In the writings of the Jewish historian Josephus of the first century AD, zealots were the fourth and final of the Jewish religious sects in the Roman province of Palestine of his time. Today, we know the word to mean firebrands. They are understood to be absolutely committed, blinded to alternative knowledge, and can be monomaniacal to such an extent that the restraints of compassion and reason are stunted.
Firebrands are frequently blinkered and susceptible to committing atrocities and stumbling into big blunders. A class of fanatic, newly enthused by the late 19th century’s initial and facile discoveries in the science of heredity, appeared as devotees of eugenics: breed a better human as you would a hunting dog. Enthusiasts were everywhere in the period from the US Supreme Court (Oliver Wendell Holmes, “Three generations of imbeciles are enough”, Buck v. Bell, 1927) to Germany’s National Socialist German Workers Party (Nazis) of the 1920’s and 30’s (see below).
In 1940, the fate of the wife of the journalist and writer Joseph Roth, Friedl Reichler, would be swallowed in the mania for the pseudoscience. Suffering from schizophrenia, she was institutionalized, and there she was in an asylum waiting to be rounded up in the Nazi euthanasia campaign of that year. She and fellow patients were gathered, transported to a camp, stripped naked, and marched into a gas chamber.

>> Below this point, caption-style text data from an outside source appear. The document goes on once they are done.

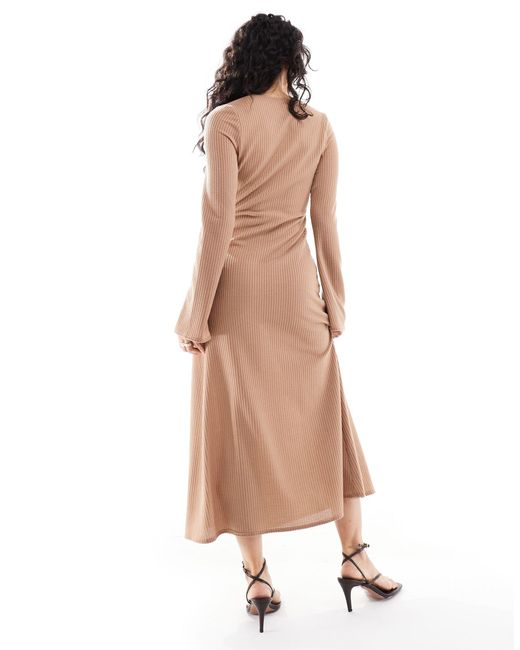 ASOS Brown Plunge Long Sleeve Maxi Dress With Beaded Trim
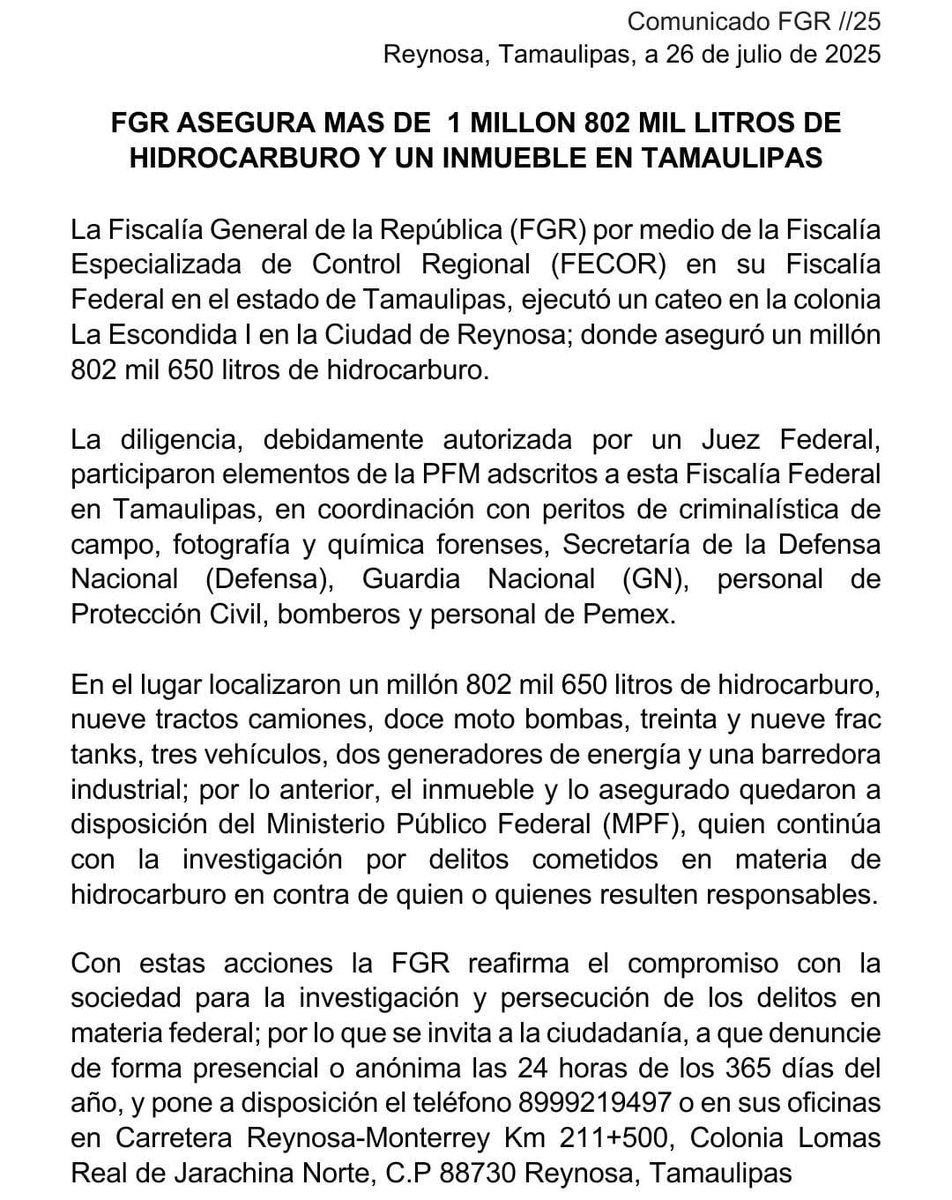 Azucena Uresti (@azucenau) on Twitter photo 🔴 .<a href="/FGRMexico/">FGR México</a> asegura más de un millón 802 mil litros de hidrocarburo en colonia La Escondida l, en Reynosa, Tamaulipas. 🔴 .<a href="/FGRMexico/">FGR México</a> asegura más de un millón 802 mil litros de hidrocarburo en colonia La Escondida l, en Reynosa, Tamaulipas.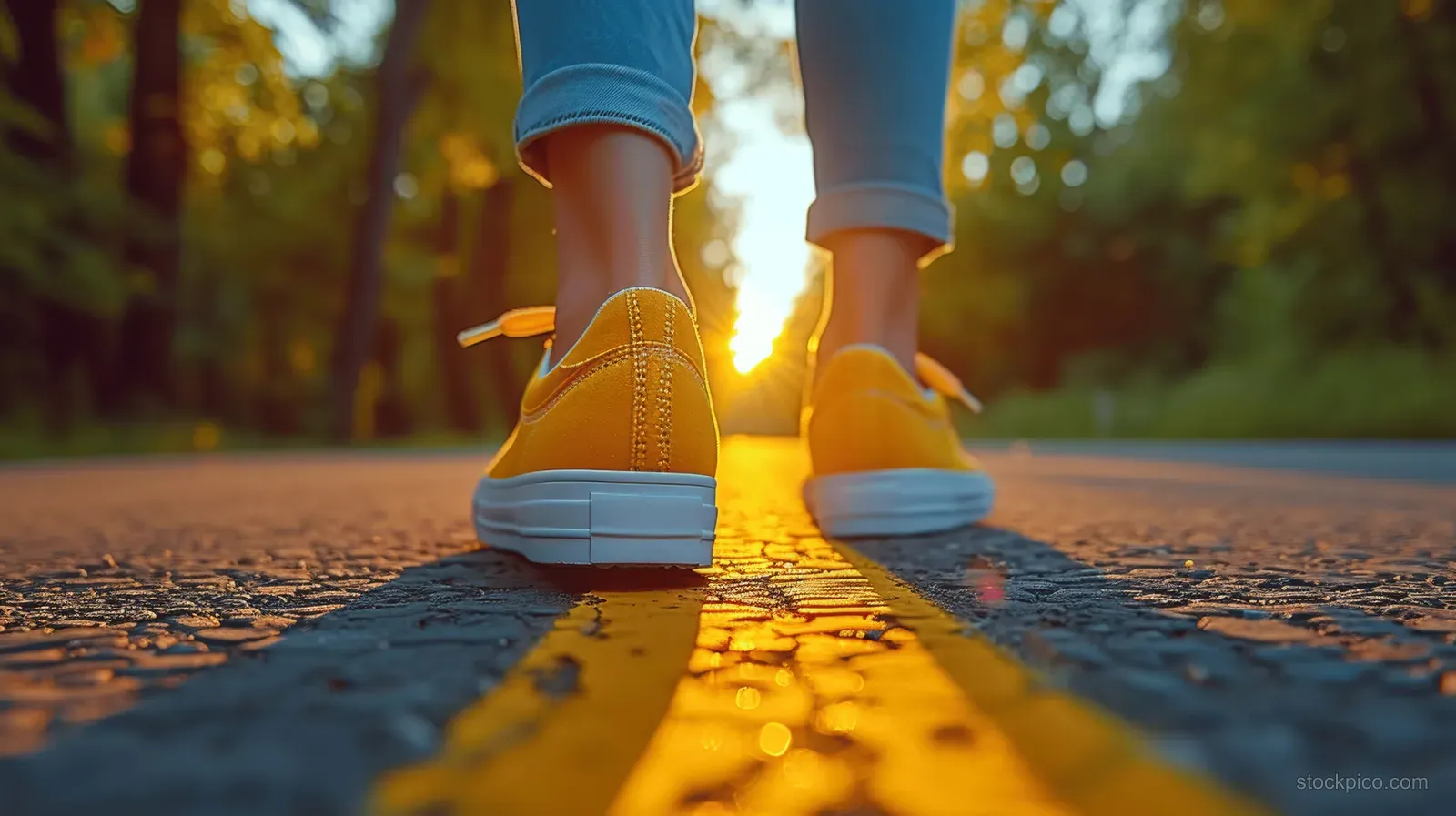 A toddler’s sneakers walk forward on a sunlit outdoor path, leaving footprints in the pavement.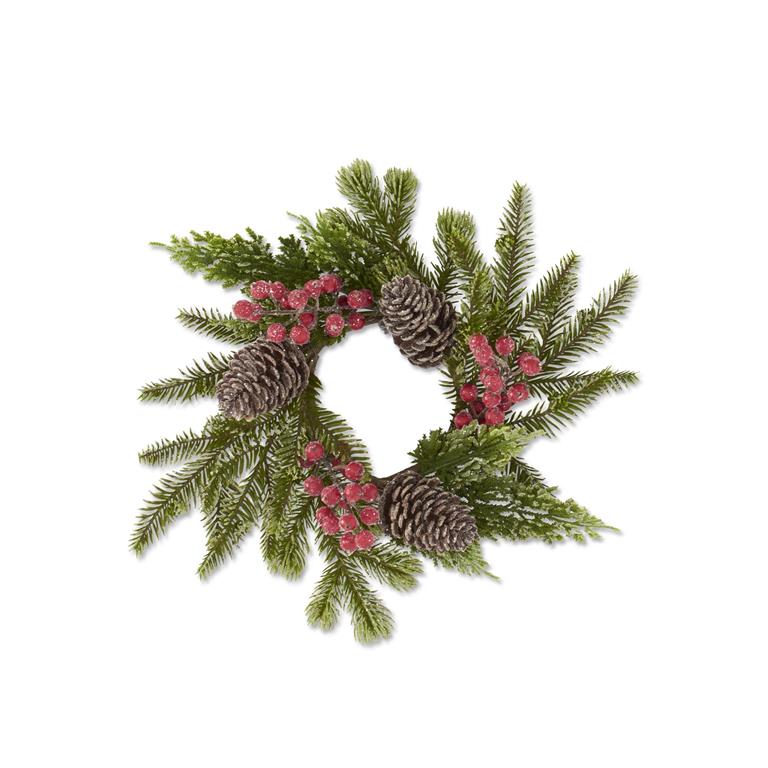 13 Inch Glittered Icy Mixed Pine Candle Ring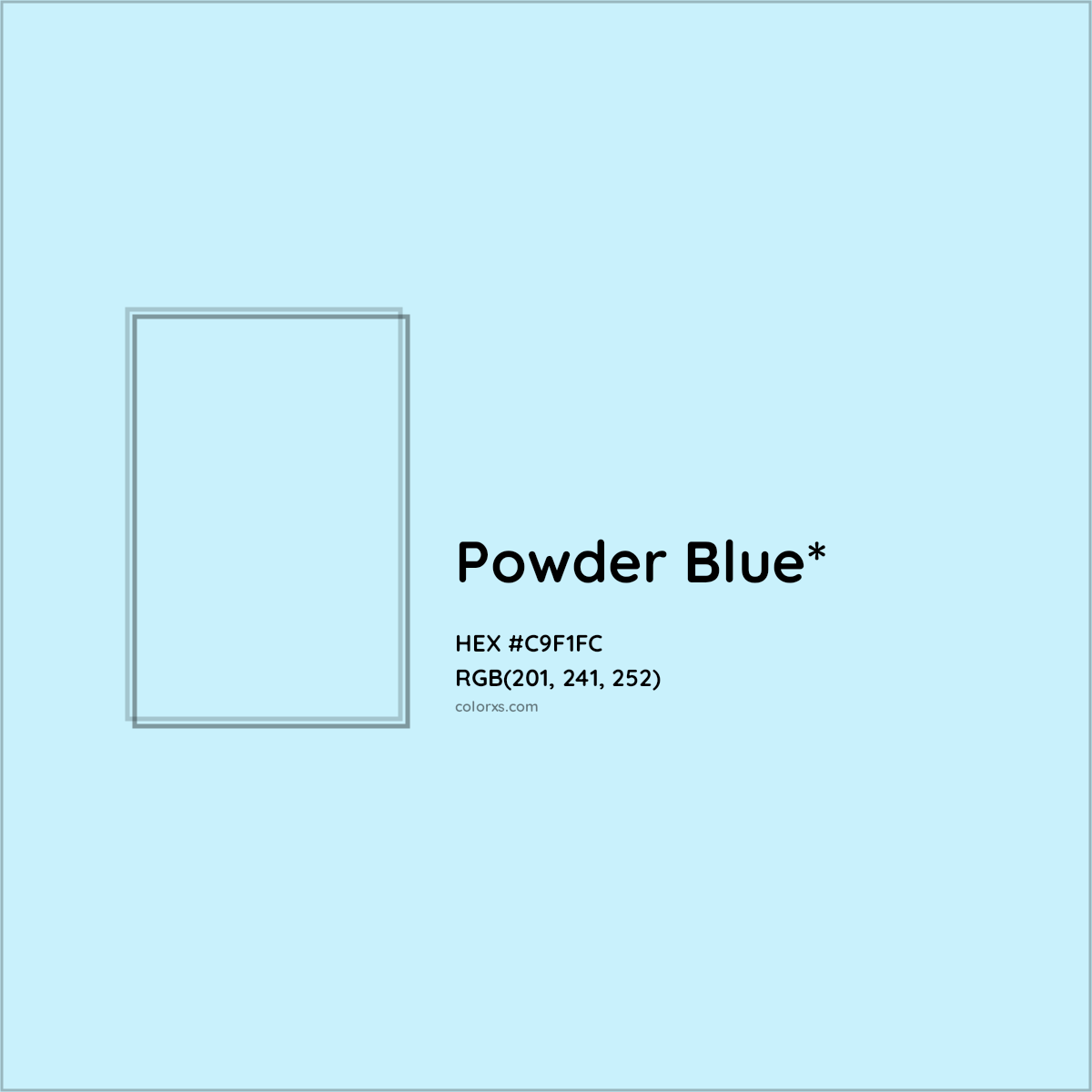 #C9F1FC hex color. RGB, RYB, CMYK, HSL, HSV codes and color conversions. Matching color names, palettes, paints.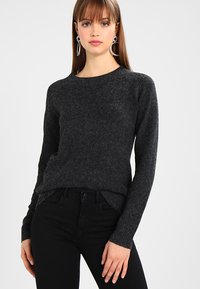 Vero Moda - VMDOFFY O-NECK - Jersey de punto - black/melange Imagen en miniatura 1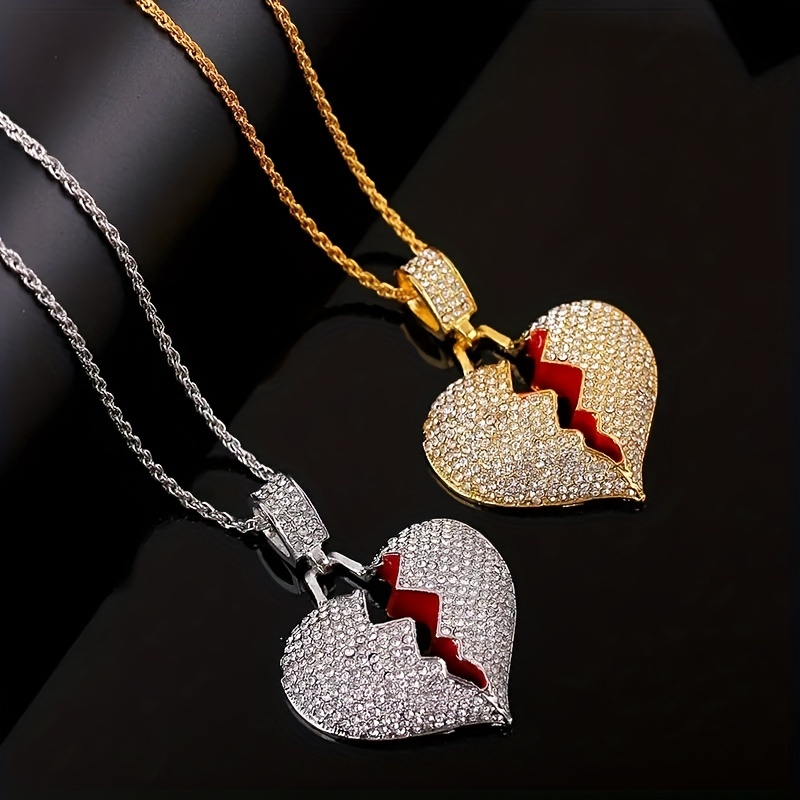 Couples Matching Necklace Gifts Love You Broken Half Heart Couple Gift Set  price in UAE,  UAE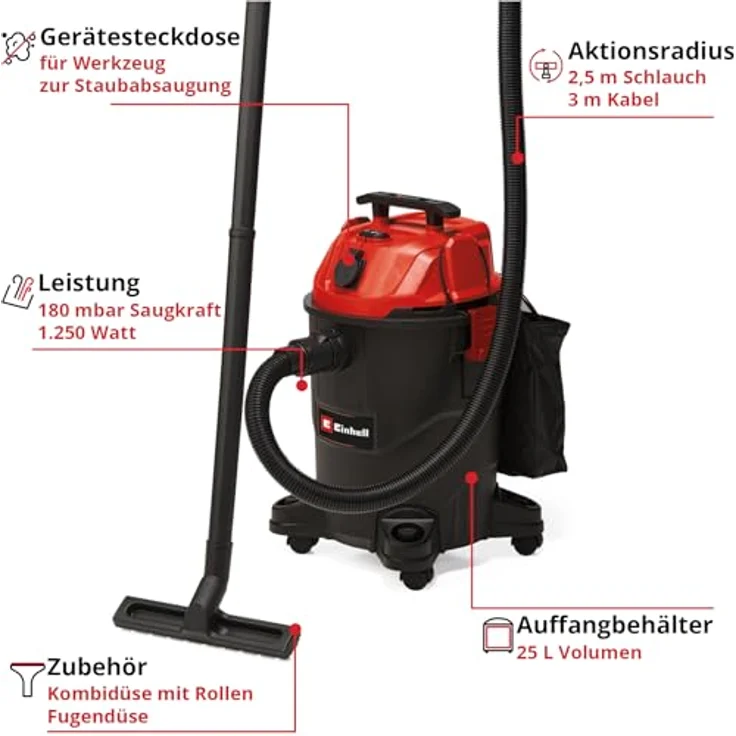 Einhell Nass-Trocken-Sauger TC-VC 1825 A, 1250 W, mit 25 Liter Behälter, Blasfunktion und automatischer Gerätesteckdose – Bild 2
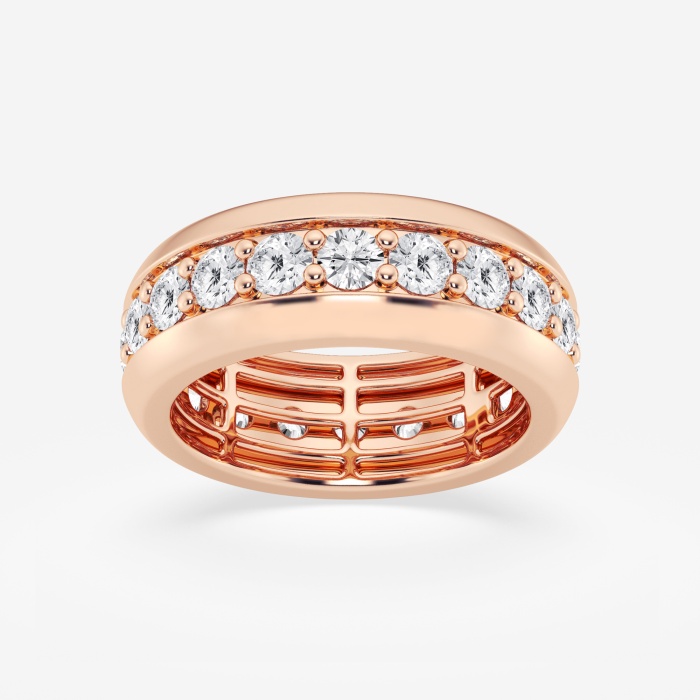 4 ctw Round Lab Grown Diamond Pave Set Eternity Band - 8.5mm Width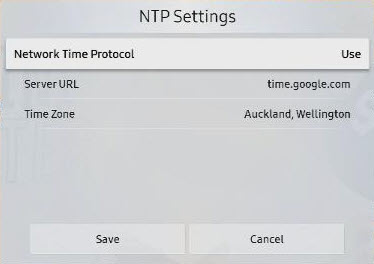 NTP settings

What makes a person an active participant in abject brutality? Mark Twain may have gotten it right when he wrote:
“It ain’t what you don’t know that gets you into trouble. It’s what you know for sure that just ain’t so.”
In my mind, it’s incomprehensible, but incomprehensibility is a common feature of our politics. A version has settled on the outskirts of the right in this moment. It has infected even normally sensible people. I admired Victor Davis Hanson until he exhibited signs of the disability. Since the case for the support of Ukraine is so strong, I’ve often wondered why he is a Ukraine skeptic till I listened to his podcast interview with Iddo Netanyahu, the brother of the Israeli Prime Minister, Benjamin Netanyahu (see below). Hanson and Iddo are simpatico on Ukraine.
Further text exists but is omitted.